Over 400 second grade students visited Slippery Rock University to learn about science from 65 SRU students as part of a service-learning project.
The second graders came from Butler Area School District on Oct. 19 and 24. Krishna Mukherjee, assistant professor of physics and engineering said that the groups were divided into two, having 200 second graders a day so that the college students were not overwhelmed with too many kids at once.
Emily Pauley, a freshman exercise science major said that her group taught the students about movement and Newton’s Law of Motion. She said that they called up volunteers to sit on a chair and attempt to stand up without using any outside forces.
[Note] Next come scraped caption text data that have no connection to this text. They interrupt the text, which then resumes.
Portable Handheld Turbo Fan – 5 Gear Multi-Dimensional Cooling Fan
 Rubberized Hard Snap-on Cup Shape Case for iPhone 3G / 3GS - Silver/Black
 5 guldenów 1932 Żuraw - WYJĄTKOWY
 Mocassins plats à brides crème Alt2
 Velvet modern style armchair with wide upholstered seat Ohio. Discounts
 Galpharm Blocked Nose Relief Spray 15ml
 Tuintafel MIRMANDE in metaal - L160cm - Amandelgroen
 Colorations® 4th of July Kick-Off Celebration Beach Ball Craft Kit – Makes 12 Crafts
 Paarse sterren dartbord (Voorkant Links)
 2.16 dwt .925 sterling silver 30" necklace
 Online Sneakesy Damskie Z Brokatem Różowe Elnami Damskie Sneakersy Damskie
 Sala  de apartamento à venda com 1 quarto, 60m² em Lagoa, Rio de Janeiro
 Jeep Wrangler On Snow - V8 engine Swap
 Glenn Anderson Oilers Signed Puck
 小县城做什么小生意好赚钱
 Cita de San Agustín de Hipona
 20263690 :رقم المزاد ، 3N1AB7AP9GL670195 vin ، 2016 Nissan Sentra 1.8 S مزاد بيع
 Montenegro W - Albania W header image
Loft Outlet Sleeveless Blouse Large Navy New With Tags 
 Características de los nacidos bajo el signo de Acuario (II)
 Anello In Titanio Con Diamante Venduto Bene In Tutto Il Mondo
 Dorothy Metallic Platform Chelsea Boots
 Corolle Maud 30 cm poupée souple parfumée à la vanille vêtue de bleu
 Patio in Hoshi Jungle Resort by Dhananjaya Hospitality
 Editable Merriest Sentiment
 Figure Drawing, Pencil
“This experiment revealed to me that working with kids is a delight, but that it can also be challenging,” Pauley explained. “You must find the perfect balance between entertainment, information and control.”
Mukherjee said that for the past several years, sixth graders from Aliquippa visited SRU, but this is the first call that she has received from the Butler Area School District.
“I have a service-learning component of my Space Science Class, and when I heard that Butler Area Elementary wanted to visit our planetarium after learning about the solar system in class, I thought it was a great opportunity,” Mukherjee said.
She said that the students got to learn about the solar system and planetarium for an hour and the SRU students got to teach for an hour. The second-graders wrapped up their day by having lunch in the ballroom.
Student Robert Prokopchak said that his group used a variety of different sized fruits to represent the size of the planets in relation to each other.
“I was impacted by the kids responding to our call, so to speak, for them to take interest in science,” Prokopchak said. “They dug it, and I want to spend part of my life getting kids to dig science and learning.”
Mukherjee said that she knew 400 kids would be a handful, so that is why they were divided into two days.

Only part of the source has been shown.